The phone comes with the Android 2.2 operating system, which means you will be able to see most Web sites and animations that use Adobe Flash, a program very commonly used to add movement to Web sites. All the usual Google goodies are well integrated as well, like Gmail, and the OS includes Voice Actions, Google Goggles, Maps, Navigation and more. The music player can play most common audio files.
The G2 comes with a 5 megapixel camera with an LED flash and can record video in 720p.
These are all features that can be found on other Android phones. What makes the phone special is the network. T-Mobile is at work improving its HSPA network into something called HSPA+. The speeds it can achieve in theory are fast — including 21 megabits per second downloads. That means a two-hour movie would download in about five minutes, which is twice as fast as WiMax, a true 4G network.
Now for a dose of reality. Networks seldom — if ever — reach their theoretical speeds. And HSPA+ is greatly affected by how close you are to a tower. T-Mobile gave me two “optimal locations,” one within a half mile of my office, the other about one mile away. In my office, the average download was .7 megabits per second. A movie would take more than two hours load at that speed. It is possible that I was not even on the HSPA+ network. When parked in the “optimal location,” the average download speed was 5.7 megabits per second. A two-hour movie would load in about 20 minutes at that speed. Interestingly, it was faster than Wi-Fi, which averaged 3 megabits per second.
To understand how fast that is, compare it to the HTC EVO, the first WiMax 4G phone, on which I got an average speed of 3.7 megabits per second (Sprint said it should have been faster). The advantage with the EVO was that I could get that speed in more areas than I could get the fastest speed of the G2.
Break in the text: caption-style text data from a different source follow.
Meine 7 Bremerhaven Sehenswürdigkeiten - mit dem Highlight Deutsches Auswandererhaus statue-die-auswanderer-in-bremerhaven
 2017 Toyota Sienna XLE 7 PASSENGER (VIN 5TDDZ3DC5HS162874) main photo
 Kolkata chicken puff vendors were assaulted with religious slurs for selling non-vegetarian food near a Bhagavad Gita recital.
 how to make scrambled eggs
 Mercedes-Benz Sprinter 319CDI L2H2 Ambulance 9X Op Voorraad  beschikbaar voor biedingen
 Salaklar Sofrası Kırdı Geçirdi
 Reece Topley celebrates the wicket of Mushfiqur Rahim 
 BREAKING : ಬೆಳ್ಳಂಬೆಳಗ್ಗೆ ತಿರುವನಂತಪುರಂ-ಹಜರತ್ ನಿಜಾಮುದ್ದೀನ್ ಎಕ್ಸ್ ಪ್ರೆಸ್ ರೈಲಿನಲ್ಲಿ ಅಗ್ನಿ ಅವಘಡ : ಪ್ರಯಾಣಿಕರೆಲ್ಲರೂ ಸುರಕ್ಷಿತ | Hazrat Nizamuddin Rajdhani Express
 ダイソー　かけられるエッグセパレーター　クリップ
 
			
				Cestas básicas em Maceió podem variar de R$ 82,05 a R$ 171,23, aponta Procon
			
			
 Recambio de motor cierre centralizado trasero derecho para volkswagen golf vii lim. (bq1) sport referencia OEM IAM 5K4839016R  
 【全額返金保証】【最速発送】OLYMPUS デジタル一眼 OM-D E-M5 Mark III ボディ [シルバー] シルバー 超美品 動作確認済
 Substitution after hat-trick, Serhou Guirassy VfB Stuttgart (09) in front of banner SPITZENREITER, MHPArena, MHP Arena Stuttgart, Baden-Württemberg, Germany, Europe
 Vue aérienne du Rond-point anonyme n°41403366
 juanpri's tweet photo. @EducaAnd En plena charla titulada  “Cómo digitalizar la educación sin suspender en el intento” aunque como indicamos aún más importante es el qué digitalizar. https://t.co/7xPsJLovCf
But T-Mobile’s HSPA+ adds no extra cost to your contract. You can think of it as a bonus: You’ll sometimes be surprised with extra speed, and the rest of the time it’s like a normal phone. Not so with the EVO. Sprint charges an extra $10 a month for WiMax service, with no guarantee that you’ll get it. That’s not a bonus, it’s a gamble.
The G2 is $200 after rebate and with a two year agreement.